_Requirement_
Find the line holding "30 Simple Prenuptial" in the entries below. Give it again exactly, along with every line after it up to and including the line holding "Drone shot of".

_Study material_
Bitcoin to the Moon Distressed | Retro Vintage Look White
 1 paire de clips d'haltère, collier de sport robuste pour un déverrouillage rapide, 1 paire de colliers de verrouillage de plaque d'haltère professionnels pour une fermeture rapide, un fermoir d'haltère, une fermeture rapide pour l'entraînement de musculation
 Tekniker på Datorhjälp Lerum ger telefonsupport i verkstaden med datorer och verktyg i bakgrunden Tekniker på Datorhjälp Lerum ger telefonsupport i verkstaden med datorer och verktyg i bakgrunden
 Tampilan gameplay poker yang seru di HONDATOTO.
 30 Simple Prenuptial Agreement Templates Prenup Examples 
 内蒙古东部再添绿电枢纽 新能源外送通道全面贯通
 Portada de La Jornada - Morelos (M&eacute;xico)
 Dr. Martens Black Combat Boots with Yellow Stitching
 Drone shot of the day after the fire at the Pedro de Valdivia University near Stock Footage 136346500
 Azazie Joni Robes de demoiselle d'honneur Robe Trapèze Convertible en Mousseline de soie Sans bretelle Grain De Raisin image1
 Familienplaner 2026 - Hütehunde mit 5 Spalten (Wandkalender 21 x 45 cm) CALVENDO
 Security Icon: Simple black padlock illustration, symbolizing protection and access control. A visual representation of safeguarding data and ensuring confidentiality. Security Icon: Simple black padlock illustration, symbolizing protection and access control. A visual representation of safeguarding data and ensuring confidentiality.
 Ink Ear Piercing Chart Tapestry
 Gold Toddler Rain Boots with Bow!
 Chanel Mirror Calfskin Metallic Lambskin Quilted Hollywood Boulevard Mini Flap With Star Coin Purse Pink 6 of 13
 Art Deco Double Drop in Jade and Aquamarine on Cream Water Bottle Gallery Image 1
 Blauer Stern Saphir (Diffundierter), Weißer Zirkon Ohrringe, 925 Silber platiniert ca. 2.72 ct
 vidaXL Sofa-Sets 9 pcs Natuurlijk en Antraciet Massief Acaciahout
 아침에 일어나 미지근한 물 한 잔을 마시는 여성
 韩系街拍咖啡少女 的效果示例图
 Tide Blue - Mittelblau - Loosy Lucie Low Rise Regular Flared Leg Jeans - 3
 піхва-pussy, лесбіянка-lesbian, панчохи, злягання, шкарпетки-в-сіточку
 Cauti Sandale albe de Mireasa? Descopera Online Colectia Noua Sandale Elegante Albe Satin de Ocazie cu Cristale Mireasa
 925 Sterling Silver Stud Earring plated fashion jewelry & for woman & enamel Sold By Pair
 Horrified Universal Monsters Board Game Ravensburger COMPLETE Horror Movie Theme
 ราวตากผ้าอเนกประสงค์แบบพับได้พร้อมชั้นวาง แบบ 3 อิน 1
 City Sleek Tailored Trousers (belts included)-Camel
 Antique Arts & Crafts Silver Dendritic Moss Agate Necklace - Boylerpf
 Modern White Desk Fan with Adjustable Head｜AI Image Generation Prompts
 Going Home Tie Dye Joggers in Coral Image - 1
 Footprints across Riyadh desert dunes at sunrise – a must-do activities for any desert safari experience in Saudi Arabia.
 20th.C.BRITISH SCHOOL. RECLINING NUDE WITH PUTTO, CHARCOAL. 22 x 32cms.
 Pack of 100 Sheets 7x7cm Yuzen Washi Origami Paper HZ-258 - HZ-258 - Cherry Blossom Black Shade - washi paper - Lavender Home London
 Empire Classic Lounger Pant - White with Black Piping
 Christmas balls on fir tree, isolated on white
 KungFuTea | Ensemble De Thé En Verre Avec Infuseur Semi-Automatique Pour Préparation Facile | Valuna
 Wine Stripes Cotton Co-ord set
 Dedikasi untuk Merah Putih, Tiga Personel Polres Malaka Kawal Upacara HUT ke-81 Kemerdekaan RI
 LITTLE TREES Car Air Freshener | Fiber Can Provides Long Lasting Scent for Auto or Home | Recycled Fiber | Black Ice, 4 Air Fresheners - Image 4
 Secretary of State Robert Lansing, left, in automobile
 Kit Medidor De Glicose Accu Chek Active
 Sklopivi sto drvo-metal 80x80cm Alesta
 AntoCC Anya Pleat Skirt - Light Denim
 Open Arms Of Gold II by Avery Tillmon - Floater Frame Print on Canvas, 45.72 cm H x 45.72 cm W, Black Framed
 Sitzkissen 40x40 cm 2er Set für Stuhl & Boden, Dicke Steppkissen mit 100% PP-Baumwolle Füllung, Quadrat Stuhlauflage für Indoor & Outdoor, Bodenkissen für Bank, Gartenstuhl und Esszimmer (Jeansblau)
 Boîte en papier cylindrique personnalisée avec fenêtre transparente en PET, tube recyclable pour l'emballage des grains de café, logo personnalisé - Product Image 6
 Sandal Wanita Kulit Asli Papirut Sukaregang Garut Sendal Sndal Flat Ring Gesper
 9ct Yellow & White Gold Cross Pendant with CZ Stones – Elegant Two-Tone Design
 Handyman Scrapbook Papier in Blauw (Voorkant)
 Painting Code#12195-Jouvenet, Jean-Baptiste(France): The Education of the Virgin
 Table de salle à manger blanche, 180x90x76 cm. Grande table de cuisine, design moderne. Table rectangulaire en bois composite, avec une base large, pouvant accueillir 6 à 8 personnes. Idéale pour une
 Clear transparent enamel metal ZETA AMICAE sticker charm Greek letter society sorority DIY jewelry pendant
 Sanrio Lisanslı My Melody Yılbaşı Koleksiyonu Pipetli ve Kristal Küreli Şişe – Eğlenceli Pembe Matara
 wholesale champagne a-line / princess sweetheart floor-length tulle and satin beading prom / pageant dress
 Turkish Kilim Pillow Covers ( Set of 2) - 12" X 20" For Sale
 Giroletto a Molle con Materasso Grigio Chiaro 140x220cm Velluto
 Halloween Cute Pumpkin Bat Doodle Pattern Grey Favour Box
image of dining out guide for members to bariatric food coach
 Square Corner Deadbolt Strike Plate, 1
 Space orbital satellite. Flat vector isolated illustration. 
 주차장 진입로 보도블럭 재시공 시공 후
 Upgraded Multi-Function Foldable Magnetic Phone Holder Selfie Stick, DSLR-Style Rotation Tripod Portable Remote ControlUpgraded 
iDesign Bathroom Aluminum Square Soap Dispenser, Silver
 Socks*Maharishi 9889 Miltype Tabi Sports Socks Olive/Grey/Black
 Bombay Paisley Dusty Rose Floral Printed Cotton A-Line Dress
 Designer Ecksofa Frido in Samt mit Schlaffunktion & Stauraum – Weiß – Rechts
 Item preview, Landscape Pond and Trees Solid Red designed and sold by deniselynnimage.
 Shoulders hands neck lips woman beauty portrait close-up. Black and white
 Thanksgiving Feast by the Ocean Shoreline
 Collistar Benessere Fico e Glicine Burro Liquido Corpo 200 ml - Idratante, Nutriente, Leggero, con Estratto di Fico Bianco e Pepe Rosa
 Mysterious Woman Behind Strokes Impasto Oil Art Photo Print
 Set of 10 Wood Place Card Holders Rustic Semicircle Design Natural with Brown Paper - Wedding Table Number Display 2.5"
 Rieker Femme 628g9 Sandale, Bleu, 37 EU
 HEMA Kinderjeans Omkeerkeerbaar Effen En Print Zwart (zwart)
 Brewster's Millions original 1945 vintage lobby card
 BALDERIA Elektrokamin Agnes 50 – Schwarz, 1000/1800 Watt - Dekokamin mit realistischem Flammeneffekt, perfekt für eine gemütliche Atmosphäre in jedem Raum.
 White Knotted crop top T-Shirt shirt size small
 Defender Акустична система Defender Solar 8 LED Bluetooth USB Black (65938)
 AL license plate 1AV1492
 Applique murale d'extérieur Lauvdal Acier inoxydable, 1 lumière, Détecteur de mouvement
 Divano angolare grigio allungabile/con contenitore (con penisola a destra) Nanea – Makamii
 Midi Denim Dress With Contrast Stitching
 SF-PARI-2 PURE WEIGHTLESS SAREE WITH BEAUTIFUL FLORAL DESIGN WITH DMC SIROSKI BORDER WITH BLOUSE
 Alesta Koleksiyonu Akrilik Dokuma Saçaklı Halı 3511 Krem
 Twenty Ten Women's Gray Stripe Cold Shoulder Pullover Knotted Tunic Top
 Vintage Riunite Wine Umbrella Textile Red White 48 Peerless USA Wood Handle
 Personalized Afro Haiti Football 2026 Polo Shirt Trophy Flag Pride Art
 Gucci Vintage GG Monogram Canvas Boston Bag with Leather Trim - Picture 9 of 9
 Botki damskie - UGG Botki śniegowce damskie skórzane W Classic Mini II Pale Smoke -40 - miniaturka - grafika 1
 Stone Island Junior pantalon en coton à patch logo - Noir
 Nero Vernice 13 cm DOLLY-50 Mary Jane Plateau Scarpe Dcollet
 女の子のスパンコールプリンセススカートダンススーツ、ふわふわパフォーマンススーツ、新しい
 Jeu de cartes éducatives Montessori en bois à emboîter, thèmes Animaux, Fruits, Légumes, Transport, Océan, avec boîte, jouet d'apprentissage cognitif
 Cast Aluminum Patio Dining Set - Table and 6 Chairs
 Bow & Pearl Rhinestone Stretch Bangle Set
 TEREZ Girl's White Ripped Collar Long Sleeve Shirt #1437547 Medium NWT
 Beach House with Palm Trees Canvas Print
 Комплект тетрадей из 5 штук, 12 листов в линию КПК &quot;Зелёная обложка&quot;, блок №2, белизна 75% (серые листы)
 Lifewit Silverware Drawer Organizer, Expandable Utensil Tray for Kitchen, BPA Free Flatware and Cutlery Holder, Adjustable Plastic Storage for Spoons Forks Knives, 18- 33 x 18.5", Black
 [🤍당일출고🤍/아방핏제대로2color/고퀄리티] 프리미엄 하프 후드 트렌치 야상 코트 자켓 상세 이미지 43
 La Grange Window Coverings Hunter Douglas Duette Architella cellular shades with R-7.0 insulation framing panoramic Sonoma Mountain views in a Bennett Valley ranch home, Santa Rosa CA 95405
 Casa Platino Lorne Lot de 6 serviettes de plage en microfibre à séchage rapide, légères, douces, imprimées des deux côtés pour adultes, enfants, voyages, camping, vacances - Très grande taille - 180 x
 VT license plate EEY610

_Problem solution_
 30 Simple Prenuptial Agreement Templates Prenup Examples 
 内蒙古东部再添绿电枢纽 新能源外送通道全面贯通
 Portada de La Jornada - Morelos (M&eacute;xico)
 Dr. Martens Black Combat Boots with Yellow Stitching
 Drone shot of the day after the fire at the Pedro de Valdivia University near Stock Footage 136346500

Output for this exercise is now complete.